Work required: Your reply should be the complete data, reproduced exactly.

Web page caption snippets:
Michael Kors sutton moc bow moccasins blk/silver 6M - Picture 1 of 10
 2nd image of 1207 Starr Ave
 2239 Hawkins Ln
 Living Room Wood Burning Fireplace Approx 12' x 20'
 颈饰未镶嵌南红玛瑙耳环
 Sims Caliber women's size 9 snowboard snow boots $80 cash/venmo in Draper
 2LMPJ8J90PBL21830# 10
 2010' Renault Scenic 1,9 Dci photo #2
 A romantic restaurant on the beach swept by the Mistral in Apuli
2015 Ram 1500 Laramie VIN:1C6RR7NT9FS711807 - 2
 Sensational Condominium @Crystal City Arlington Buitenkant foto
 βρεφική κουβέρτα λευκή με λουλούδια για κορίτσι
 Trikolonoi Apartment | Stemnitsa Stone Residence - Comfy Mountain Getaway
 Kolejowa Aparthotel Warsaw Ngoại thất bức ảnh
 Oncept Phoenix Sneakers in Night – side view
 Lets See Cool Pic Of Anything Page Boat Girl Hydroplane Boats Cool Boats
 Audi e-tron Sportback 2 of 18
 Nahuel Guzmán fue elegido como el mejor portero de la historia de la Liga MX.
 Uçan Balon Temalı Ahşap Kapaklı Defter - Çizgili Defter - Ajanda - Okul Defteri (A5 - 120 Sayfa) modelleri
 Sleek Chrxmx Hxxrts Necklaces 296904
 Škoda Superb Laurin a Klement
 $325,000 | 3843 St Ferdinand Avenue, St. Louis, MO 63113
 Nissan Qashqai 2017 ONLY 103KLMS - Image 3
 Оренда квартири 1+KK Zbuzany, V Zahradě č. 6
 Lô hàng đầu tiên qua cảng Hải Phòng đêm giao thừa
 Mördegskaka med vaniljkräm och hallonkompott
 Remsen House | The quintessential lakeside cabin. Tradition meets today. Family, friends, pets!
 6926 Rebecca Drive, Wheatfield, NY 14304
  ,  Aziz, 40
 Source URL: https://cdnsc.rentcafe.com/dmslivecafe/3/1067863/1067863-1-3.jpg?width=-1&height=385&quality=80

Answer to the problem:
Michael Kors sutton moc bow moccasins blk/silver 6M - Picture 1 of 10
 2nd image of 1207 Starr Ave
 2239 Hawkins Ln
 Living Room Wood Burning Fireplace Approx 12' x 20'
 颈饰未镶嵌南红玛瑙耳环
 Sims Caliber women's size 9 snowboard snow boots $80 cash/venmo in Draper
 2LMPJ8J90PBL21830# 10
 2010' Renault Scenic 1,9 Dci photo #2
 A romantic restaurant on the beach swept by the Mistral in Apuli
2015 Ram 1500 Laramie VIN:1C6RR7NT9FS711807 - 2
 Sensational Condominium @Crystal City Arlington Buitenkant foto
 βρεφική κουβέρτα λευκή με λουλούδια για κορίτσι
 Trikolonoi Apartment | Stemnitsa Stone Residence - Comfy Mountain Getaway
 Kolejowa Aparthotel Warsaw Ngoại thất bức ảnh
 Oncept Phoenix Sneakers in Night – side view
 Lets See Cool Pic Of Anything Page Boat Girl Hydroplane Boats Cool Boats
 Audi e-tron Sportback 2 of 18
 Nahuel Guzmán fue elegido como el mejor portero de la historia de la Liga MX.
 Uçan Balon Temalı Ahşap Kapaklı Defter - Çizgili Defter - Ajanda - Okul Defteri (A5 - 120 Sayfa) modelleri
 Sleek Chrxmx Hxxrts Necklaces 296904
 Škoda Superb Laurin a Klement
 $325,000 | 3843 St Ferdinand Avenue, St. Louis, MO 63113
 Nissan Qashqai 2017 ONLY 103KLMS - Image 3
 Оренда квартири 1+KK Zbuzany, V Zahradě č. 6
 Lô hàng đầu tiên qua cảng Hải Phòng đêm giao thừa
 Mördegskaka med vaniljkräm och hallonkompott
 Remsen House | The quintessential lakeside cabin. Tradition meets today. Family, friends, pets!
 6926 Rebecca Drive, Wheatfield, NY 14304
  ,  Aziz, 40
 Source URL: https://cdnsc.rentcafe.com/dmslivecafe/3/1067863/1067863-1-3.jpg?width=-1&height=385&quality=80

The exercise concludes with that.